Some of the alliance’s recommendations mesh directly with the Climate 21 Project. The alliance supports a carbon bank using the CCC, as well as tax credits for carbon sequestration and one-time payments to early adopters. The alliance also proposes more funding for the Natural Resources Conservation Service to focus on greenhouse gas mitigation and adaptation, as well as providing more technical assistance.
Members of the alliance also support the Growing Climate Solutions Act, a bipartisan bill in both the Senate and the House that would establish USDA certification for a carbon credits program and provide technical assistance to farmers wanting to participate in those carbon markets.

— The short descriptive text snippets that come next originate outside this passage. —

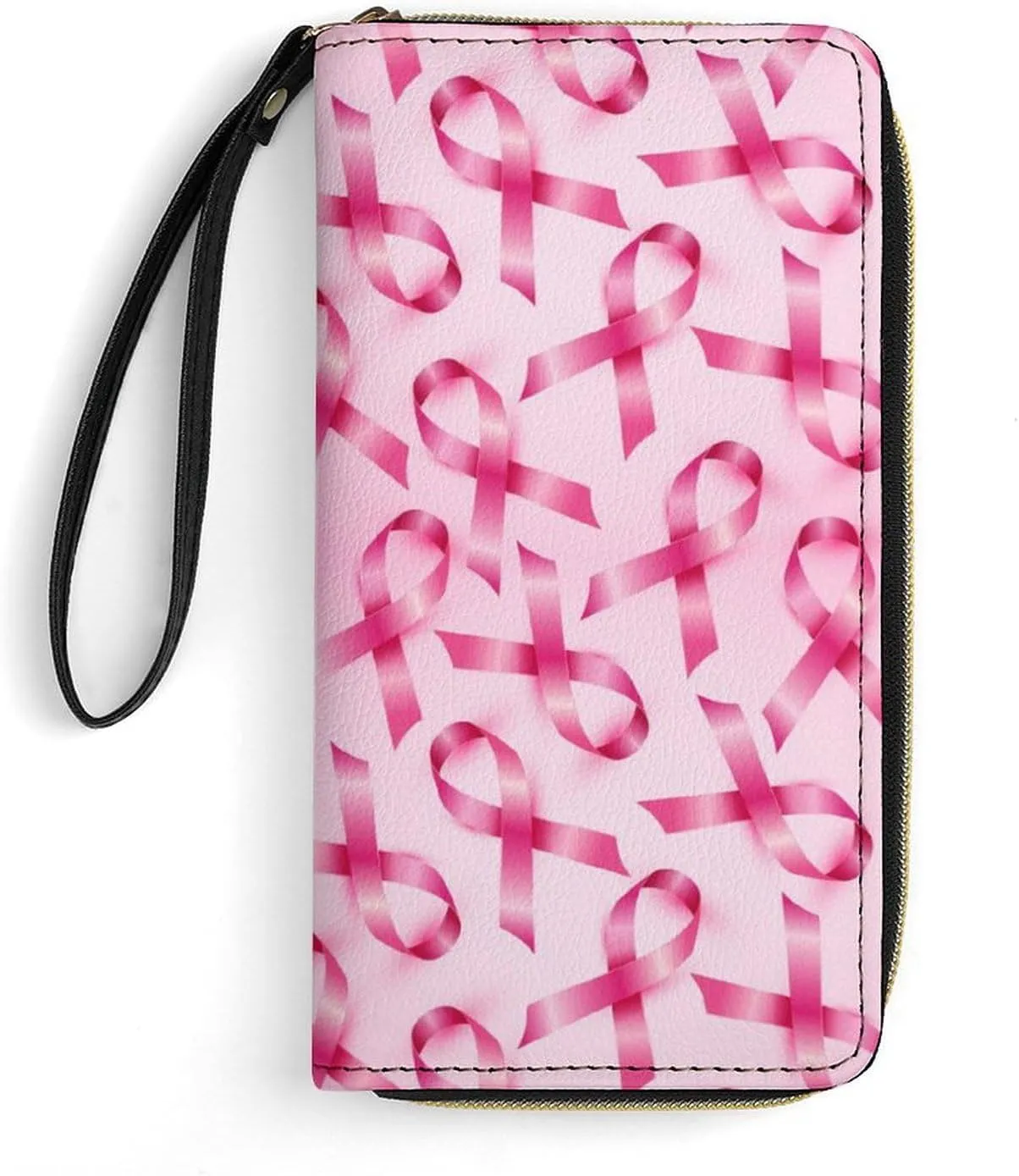 PU Leather Wallet for Women, Travel Credit Card Holder Breast Cancer Ribbons Awareness Pink Zipper Long Purse Waterproof Wallet with Wrist strap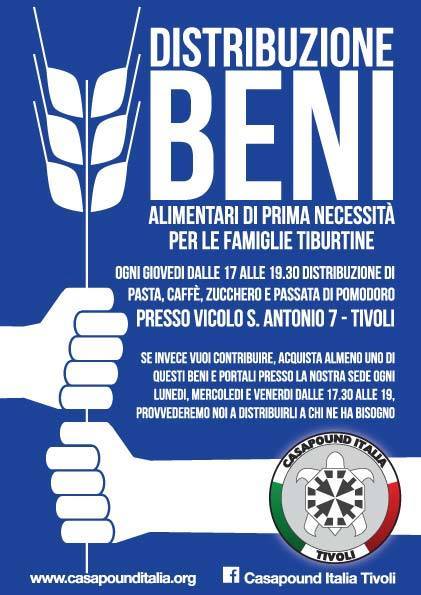 Da CasaPound cibo per le famiglie bisognose di Tivoli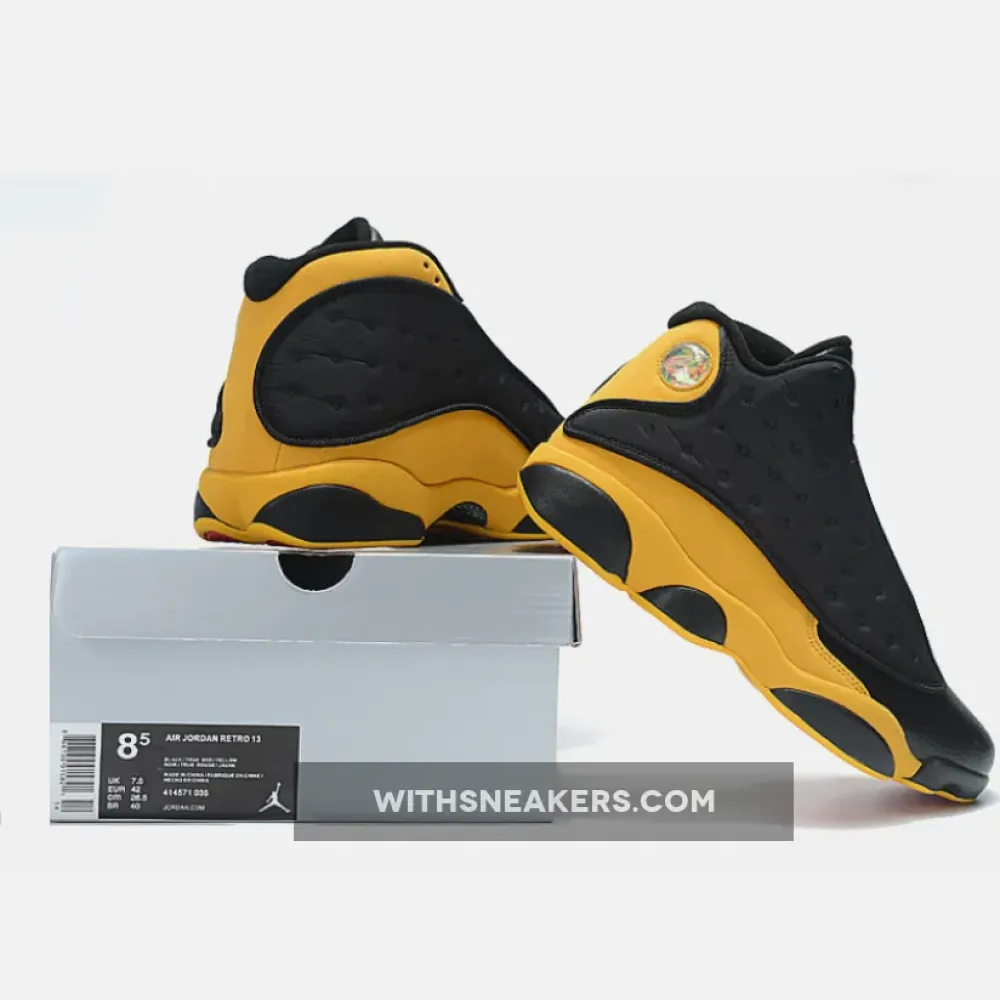 Carmelo Anthony's Black and Yellow Air Jordan 13 Melo Class of 2002 Sneakers. 414571-035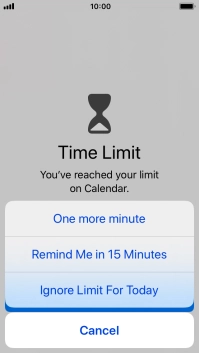 Press the required setting.
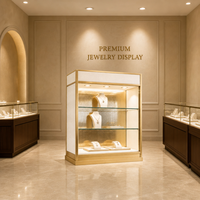 Vitrine à bijoux moderne sur mesure, haute, avec cadre doré, éclairage LED, vitrine en verre pour boutique, vente en gros
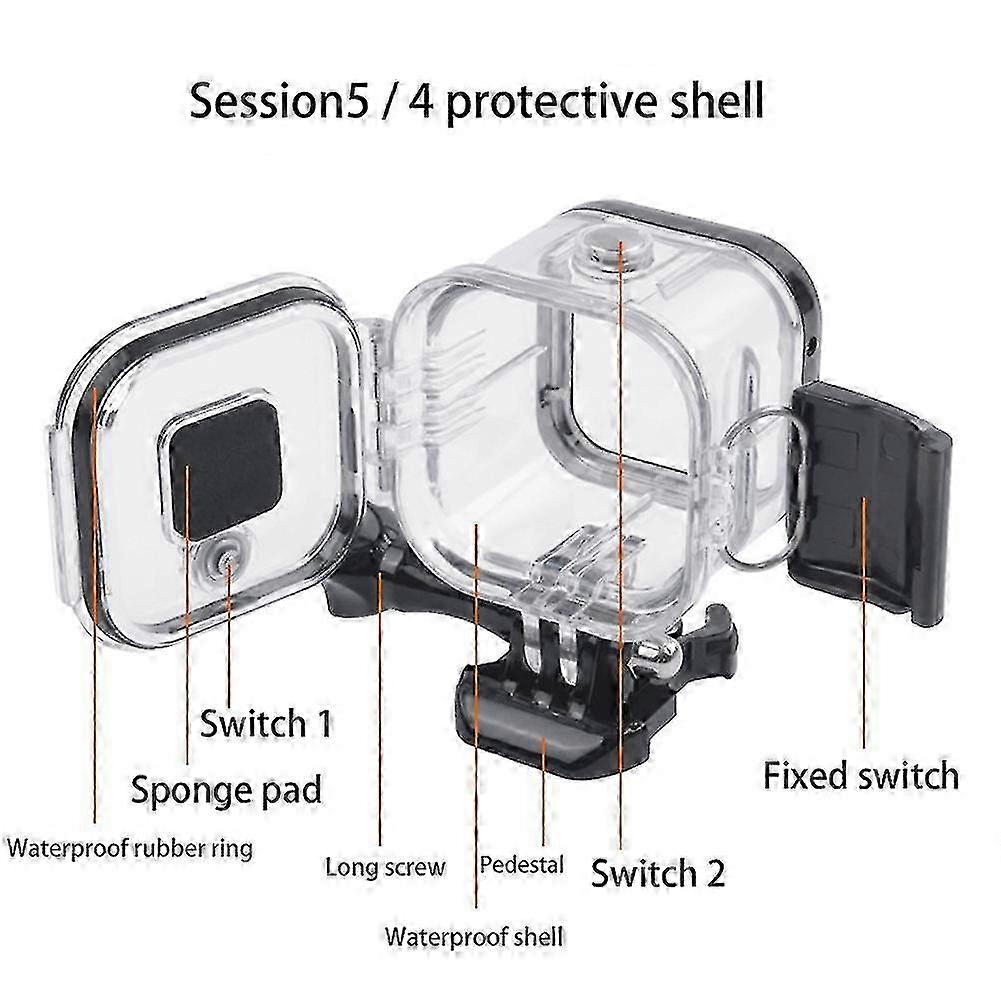 For Hero 4/5 Session Waterproof Shell Case Underwater 45M Protection Housing Box for Camera Accesso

For livestock, the alliance also proposed more technical assistance for conservation practices and create NRCS practices that focus on nutrient management. Other proposals encourage more incentives for methane digesters and expanding the Rural Energy for America Program (REAP) to include cooperatives. FDA should also expedite approval of feed additives and provide a regulatory pathway for animal biotechnology approval.
Recommendations also include more research and development of on-farm renewable energy production and expansion of bio-based programs at USDA. Regarding the Renewable Fuel Standard, the alliance calls for updating the greenhouse gas lifecycle analysis under the RFS to consider improvements in farm practices. EPA also should streamline its pathway approval process for biofuel feedstocks. USDA renewable energy infrastructure programs should also be built into law with mandatory funding.
More efforts should also be placed on reducing food waste, as well, including more collaboration between federal agencies and both public and private promotions focused on food donations and reducing waste, the alliance recommended.